Avec Dub Thompson, les choses sont claires: l’album s’appelle neuf chansons. Et il y a « dub » dans le nom du groupe. Facile. Sauf que. Un coup d’œil à la tracklist et on crierait presque à l’arnaque: huit chansons. Puis à l’oreille, la confirmation que le son est dub disons de loin -même si à l’évidence on triture ici les bandes. Enfin c’est le terme songs qu’on pourrait lui-même questionner… Et ces Thompson, c’est qui, d’abord ? Deux même-pas-vingtenaires californiens, Evan Laffer et Matt Poulos, des jeunes gens qui de leur propre aveu aiment un peu trop Can pour leur âge et préfèrent se définir comme issus de la scène de Santa Barbara aux côtés de Dante Elephante ou des surf-garagistes The Trashberries plutôt que comme le tout-venant angeleno.

On nous apprend que Jonathan Rado de Foxygen les a hébergés durant l’enregistrement de leurs morceaux.
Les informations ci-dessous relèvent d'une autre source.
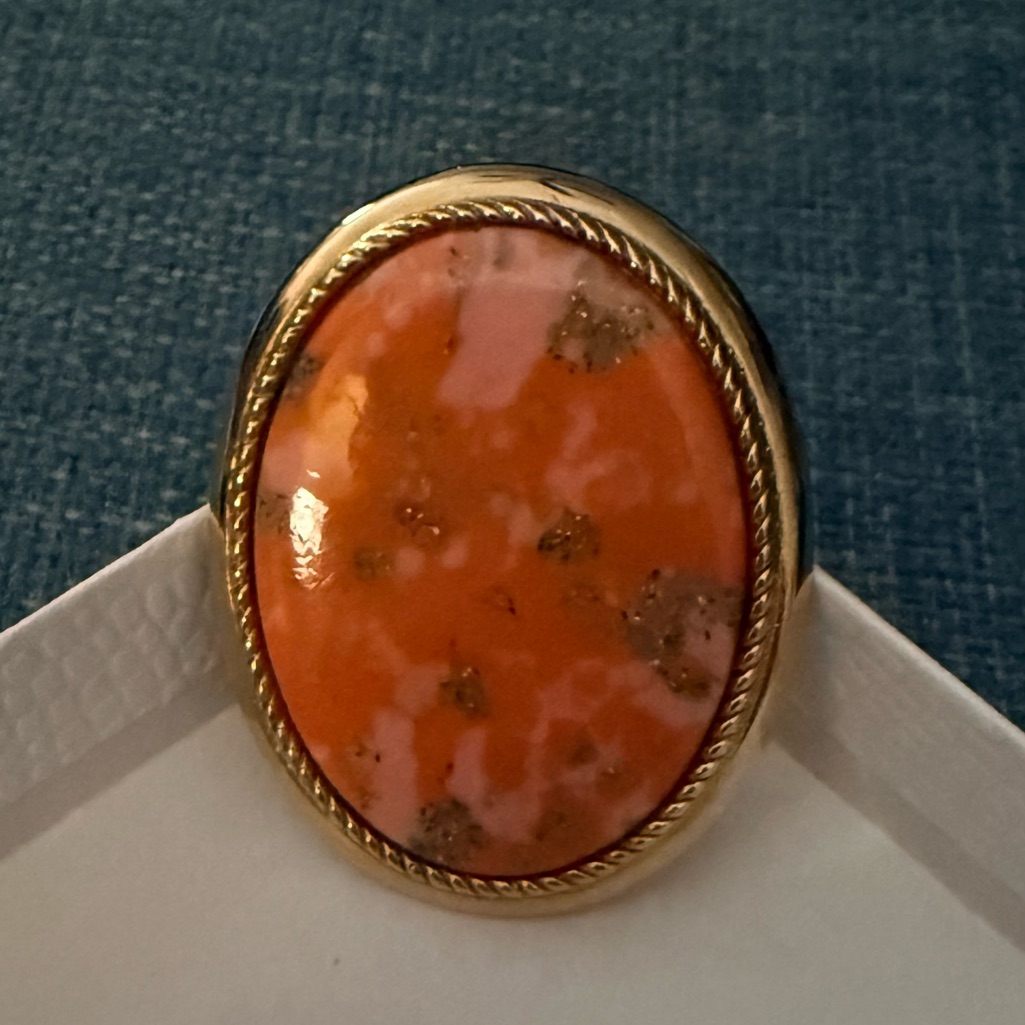 Vtg 1974 Sarah Coventry Coraline Confetti Brooch Pendant 28$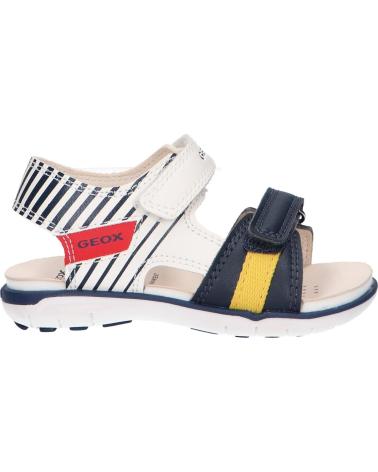girl and boy Sandals GEOX B354LC 000BC B SANDAL DELHI C1110 OPTIC WHITE-NAVY  AZUL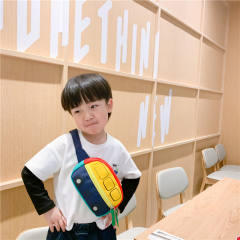Funny casual car shape cute chest bag for kids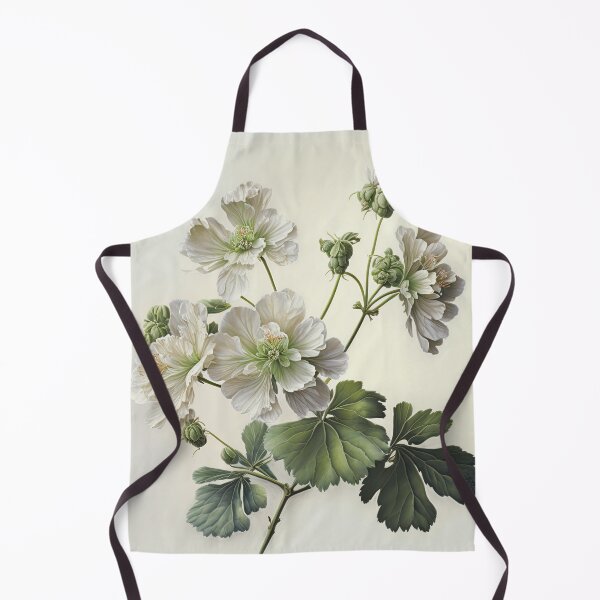 Item preview, White Geranium Flowers designed and sold by Vanover Designs.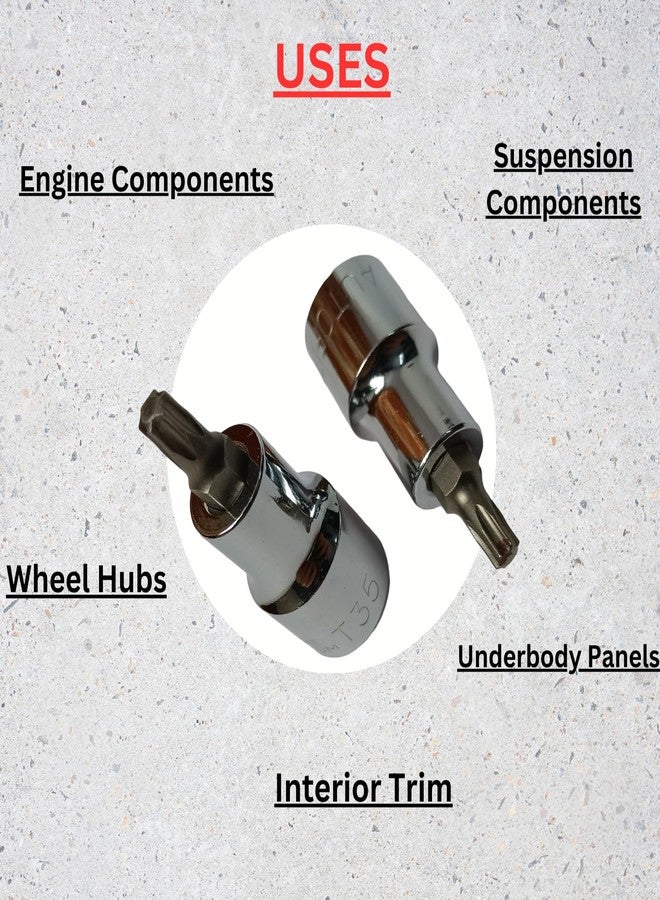 BYTE FORGE TORX BIT SOCKET SET T30-35 HARD CRV STEEL - Image 5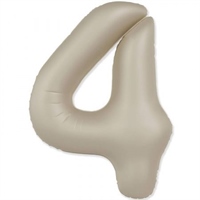 {{photo.Alt || photo.Description || 'Шар (40&#39;&#39;/102 см) Цифра SLIM Крем Латте №4  FM'}}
Peut-être ont-ils gardé un peu du côté fake du groupe de leur roommate mais au moins ne poussent-ils pas à l’ombre de géants contemporains (coucou, MGMT).

Leur son, d’emblée, est autrement revêche: dès le début, le rythme poisseux ouvrant Hayward! promet un blues tomwaitsien , quand soudain surgissent guitares à la Dick Dale, effets heavy et esprit DIY, le tout sur les cafouillages soniques de désarmants branleurs. Des neo-slackers dont on a l’impression de visiter en shuffle la bibliothèque iTunes et qui enchaînent avec l’obsédant No Time, tout en boucles et cassures, tout en ritournelles parasites. « No time »: on n’a pas le temps, ou plutôt, le temps n’existe pas.

La substance préférée de Dub Thompson, c’est à n’en pas douter la colle. Et pour son usage premier: assembler des bouts. Faire tenir ensemble – pas toujours proprement, et c’est tant mieux- des genres récupérés. Garage, surf, kraut, post-punk, muzak – ne manque plus que du zouk.

Au meilleur de sa force de ravissement, on serait tenté de qualifier de sunshine punk la musique bric-à-brac ainsi produite par ces Dupont. Un punk baroque et réjouissant, donc, mais aussi un punk avec des roots: ceux qui traquent le fantôme de Hasil Adkins seraient bien inspirés de faire un tour dans les 9 songs.

Du joyeux bordel qu’est ce petit LP émergent surtout, grâce à un efficace psychédélisme, quelques morceaux dont le très drôle Dograces. On pourra alors tiquer devant une folie un peu volontariste (Ash Wednesday) qui sur la longueur tient parfois lieu d’inspiration, mais la belle énergie du final Pterodactyls (les dinosaures, ça marche toujours) donne envie de s’y replonger. Ne serait-ce que pour retrouver, encore, No Time: le disque n’aurait comporté que ce morceau qui pourrait durer des heures, il se serait appelé deux chansons et tout aurait été clair – on lui mettait six sur cinq.